I love them all and cannot wait to get my soap pot out.............Anyone soaped any of these I would love to hear how you found them
Any other recommendations for my next order  I can only order fragrances with a flashpoint of 200 and higher
Doing the happy soapers dance right  now


----------



## honor435 (May 12, 2010)

too spendy for me, glad you like your stash!


----------



## agriffin (May 13, 2010)

I love your soaps!  I was just browsing Etsy today and they popped up!  Can't wait to see what you do...


----------



## Lynnz (May 14, 2010)

Ohhhhh thanks you got me blushing  better get soaping as have been flat out making candles,  off tomorrow to a new shop in the middle of brisbane tnat hires out shelves wall space ect no commission just a flat rate each month!!!! The shop is all handcrafted goods  They are really interested in my candles evidently there is one soaper selling there so I hope they let me put my soaps in ..............A little nervous as have to get the product accepted


----------



## Stinkydancer (Jul 3, 2010)

I'm with Honor- too spendy for me but I do love them and splurge once in a great while.


----------



## topcat (Jul 4, 2010)

Lyn, their Blueberry is* so delicious* and doesn't discolour (flashpoint >200).  I love their Clean (type) as well but it is fp 150.
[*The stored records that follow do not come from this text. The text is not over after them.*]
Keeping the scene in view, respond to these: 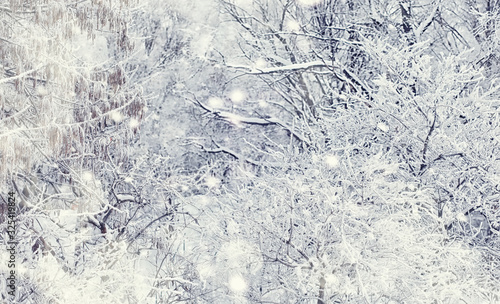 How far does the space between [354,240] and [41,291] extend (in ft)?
12.6

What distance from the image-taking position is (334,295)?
6648 millimetres

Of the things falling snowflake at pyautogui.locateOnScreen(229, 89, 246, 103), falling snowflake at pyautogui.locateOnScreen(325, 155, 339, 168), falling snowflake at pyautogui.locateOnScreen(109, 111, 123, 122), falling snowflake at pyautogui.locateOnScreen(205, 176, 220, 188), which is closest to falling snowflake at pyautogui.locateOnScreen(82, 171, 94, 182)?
falling snowflake at pyautogui.locateOnScreen(109, 111, 123, 122)

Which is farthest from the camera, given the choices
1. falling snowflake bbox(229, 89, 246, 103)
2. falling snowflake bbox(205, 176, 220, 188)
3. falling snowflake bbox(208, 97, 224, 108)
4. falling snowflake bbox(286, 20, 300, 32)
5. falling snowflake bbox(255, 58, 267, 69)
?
falling snowflake bbox(229, 89, 246, 103)

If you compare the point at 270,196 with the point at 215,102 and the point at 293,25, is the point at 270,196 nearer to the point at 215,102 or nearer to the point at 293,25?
the point at 293,25

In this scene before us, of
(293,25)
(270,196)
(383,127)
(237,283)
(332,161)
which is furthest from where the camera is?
(293,25)

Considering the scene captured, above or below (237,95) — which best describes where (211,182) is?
above

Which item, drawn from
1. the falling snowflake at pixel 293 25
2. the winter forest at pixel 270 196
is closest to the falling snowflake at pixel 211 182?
the winter forest at pixel 270 196

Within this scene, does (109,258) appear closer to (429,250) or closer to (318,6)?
(429,250)

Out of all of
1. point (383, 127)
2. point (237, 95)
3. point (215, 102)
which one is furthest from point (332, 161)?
point (237, 95)

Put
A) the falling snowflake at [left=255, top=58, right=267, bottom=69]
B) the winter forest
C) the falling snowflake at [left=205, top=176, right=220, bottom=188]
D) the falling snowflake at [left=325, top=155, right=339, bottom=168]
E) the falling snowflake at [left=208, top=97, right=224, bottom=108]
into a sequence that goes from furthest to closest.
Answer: the falling snowflake at [left=208, top=97, right=224, bottom=108] < the falling snowflake at [left=255, top=58, right=267, bottom=69] < the falling snowflake at [left=205, top=176, right=220, bottom=188] < the falling snowflake at [left=325, top=155, right=339, bottom=168] < the winter forest

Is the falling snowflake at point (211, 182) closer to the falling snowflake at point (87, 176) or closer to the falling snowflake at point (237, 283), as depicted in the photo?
the falling snowflake at point (87, 176)

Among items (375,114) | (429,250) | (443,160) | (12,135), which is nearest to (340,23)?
(375,114)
Did you order direct from them?  I assume they have a minimum $ spend?

Tanya


----------



## Lynnz (Jul 5, 2010)

Oh thanks for that TopCat I love to find fragrances that don't discolour as you can be so more creative with them!!!!!. 
The Clean does sound nice but because of the lower flashpoint I would have to order that here in Australia.
I am not sure if they have minimums..............I want so much from them that I am sure each order will be well in excess of any minimum LOL.
If ever your particually interested in an oil I have ordered I will glady send you a sniffy or two


----------



## topcat (Jul 5, 2010)

That is really sweet of you Lyn!  I currently have around 50 x 15ml sample fos to get through......can you say 'addicted'?....lol.  I am doing my best to restrain myself from getting any more just yet  :wink:


----------